Given information:
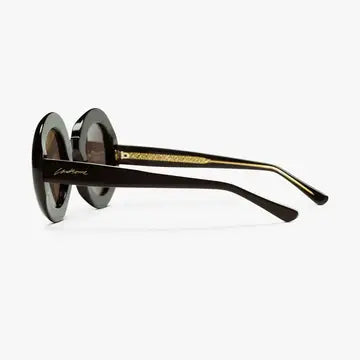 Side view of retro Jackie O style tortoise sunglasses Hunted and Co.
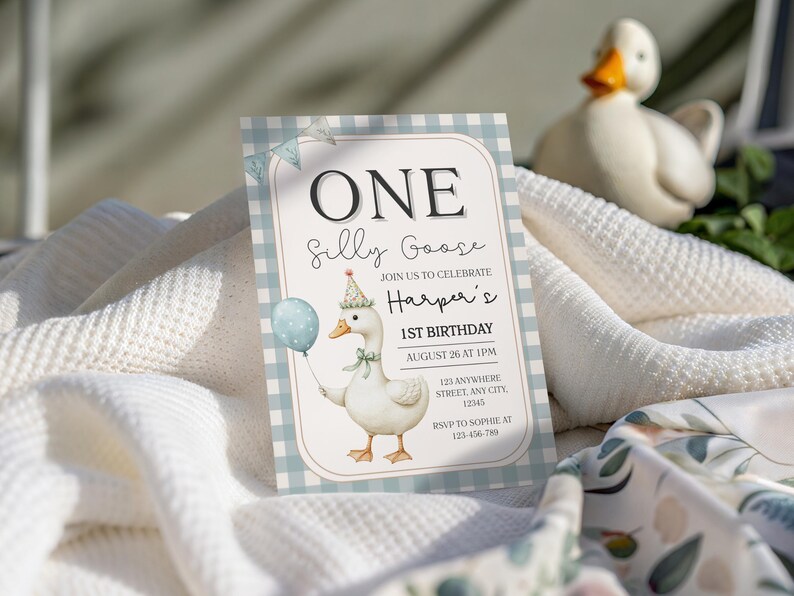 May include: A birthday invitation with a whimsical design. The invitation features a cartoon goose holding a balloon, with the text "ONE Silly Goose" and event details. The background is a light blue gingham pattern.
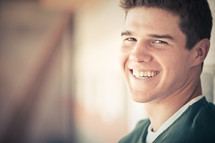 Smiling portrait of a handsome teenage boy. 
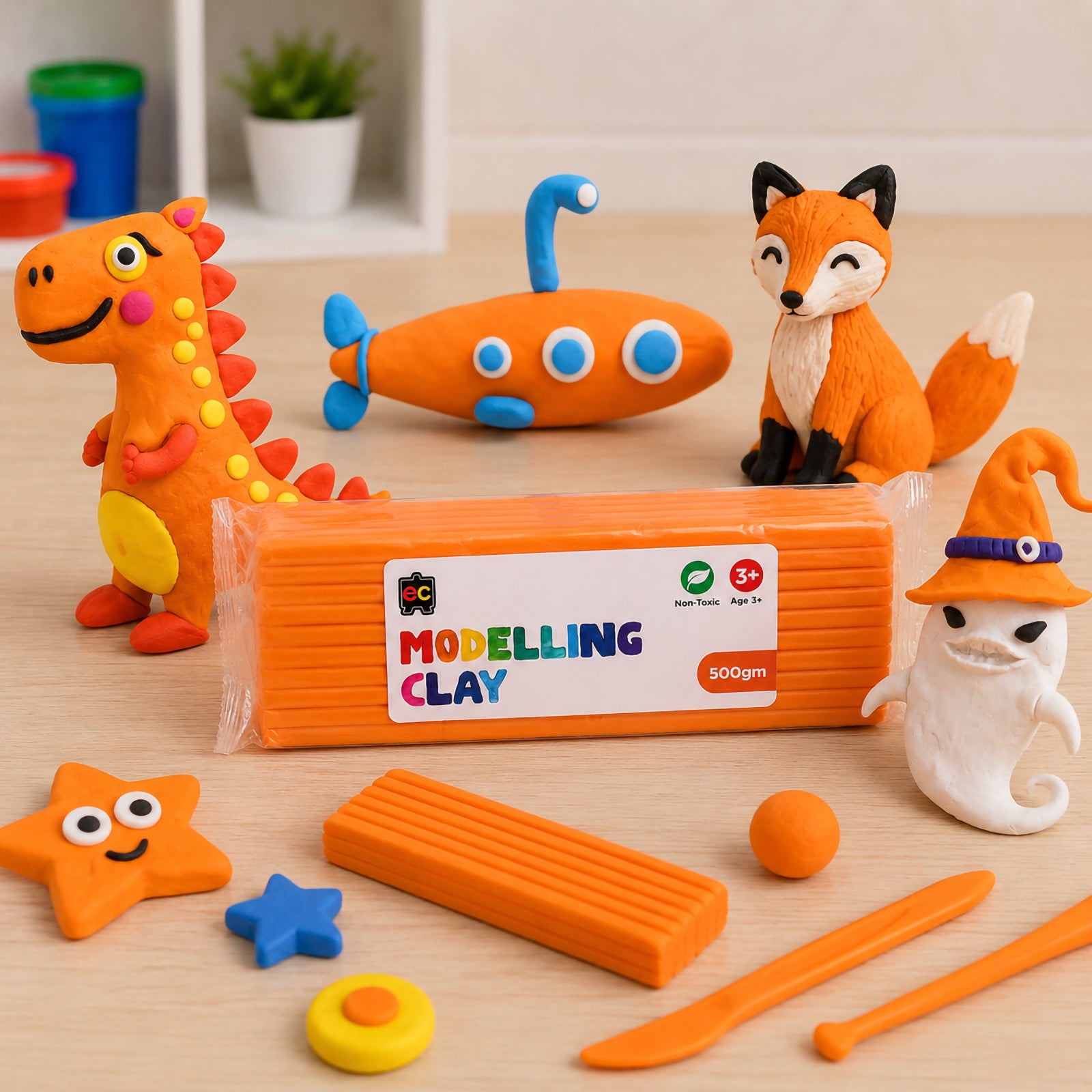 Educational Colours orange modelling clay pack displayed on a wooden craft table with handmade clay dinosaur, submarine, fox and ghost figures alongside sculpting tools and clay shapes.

What is expected: Starting with the opening line of the listing, write out each line exactly until the line that contains "Smiling portrait of a handsome teenage boy." has been included; skip the pictures.

Result:
 Side view of retro Jackie O style tortoise sunglasses Hunted and Co.
 May include: A birthday invitation with a whimsical design. The invitation features a cartoon goose holding a balloon, with the text "ONE Silly Goose" and event details. The background is a light blue gingham pattern.
 Smiling portrait of a handsome teenage boy. 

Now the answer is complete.